- [Work item] Starting with the line that contains "HX4 9EX map" and stopping after the line that contains "Sticker Sheet - Cooking", copy the entries below exactly. Include nothing else.

- [Provided data]

··········

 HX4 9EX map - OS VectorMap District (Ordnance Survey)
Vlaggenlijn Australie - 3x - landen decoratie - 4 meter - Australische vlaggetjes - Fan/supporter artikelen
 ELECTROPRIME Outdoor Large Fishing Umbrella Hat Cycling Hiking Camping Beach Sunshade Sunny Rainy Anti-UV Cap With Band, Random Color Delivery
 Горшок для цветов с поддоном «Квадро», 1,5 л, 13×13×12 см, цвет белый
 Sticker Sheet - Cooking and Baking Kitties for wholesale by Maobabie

··········

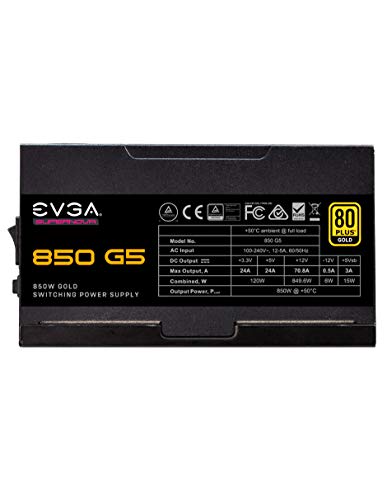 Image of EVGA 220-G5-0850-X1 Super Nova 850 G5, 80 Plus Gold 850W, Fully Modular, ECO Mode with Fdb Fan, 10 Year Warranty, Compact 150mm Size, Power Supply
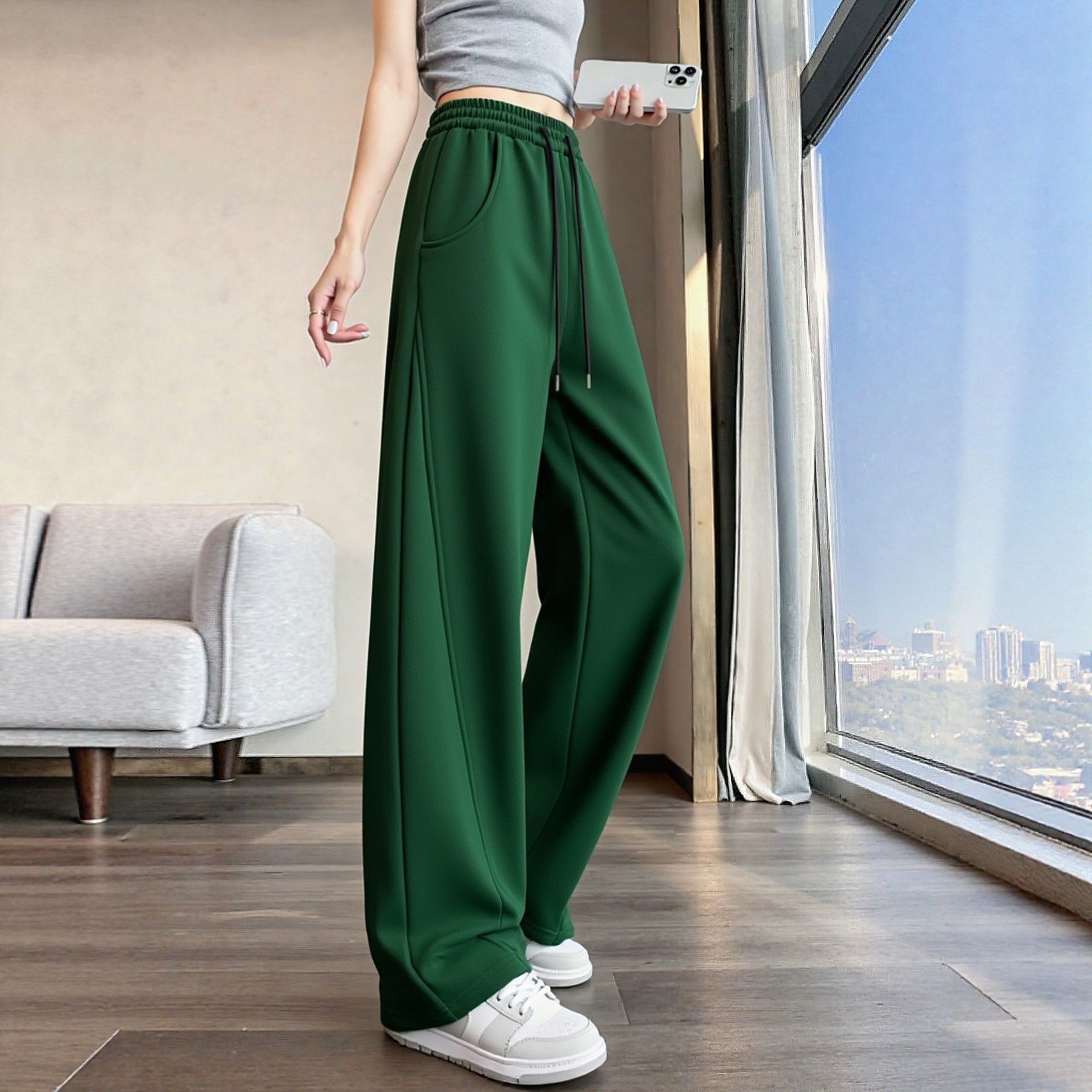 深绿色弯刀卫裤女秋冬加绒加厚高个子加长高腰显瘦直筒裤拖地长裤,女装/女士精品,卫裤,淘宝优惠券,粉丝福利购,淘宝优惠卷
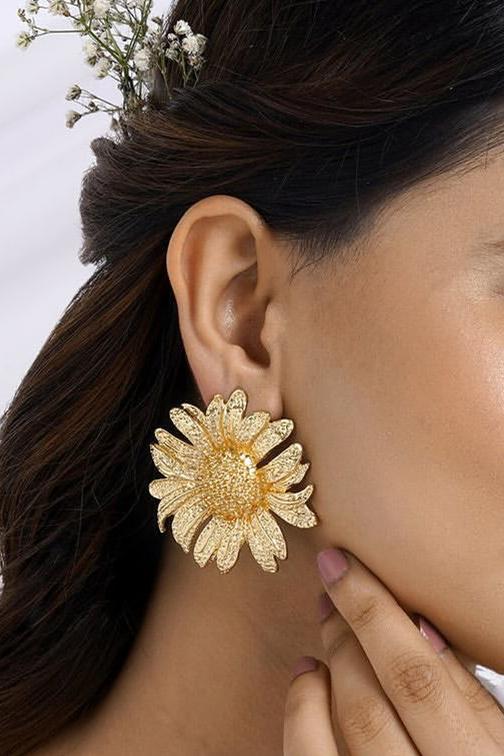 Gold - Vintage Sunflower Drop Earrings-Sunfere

··········

- [Response below]
 HX4 9EX map - OS VectorMap District (Ordnance Survey)
Vlaggenlijn Australie - 3x - landen decoratie - 4 meter - Australische vlaggetjes - Fan/supporter artikelen
 ELECTROPRIME Outdoor Large Fishing Umbrella Hat Cycling Hiking Camping Beach Sunshade Sunny Rainy Anti-UV Cap With Band, Random Color Delivery
 Горшок для цветов с поддоном «Квадро», 1,5 л, 13×13×12 см, цвет белый
 Sticker Sheet - Cooking and Baking Kitties for wholesale by Maobabie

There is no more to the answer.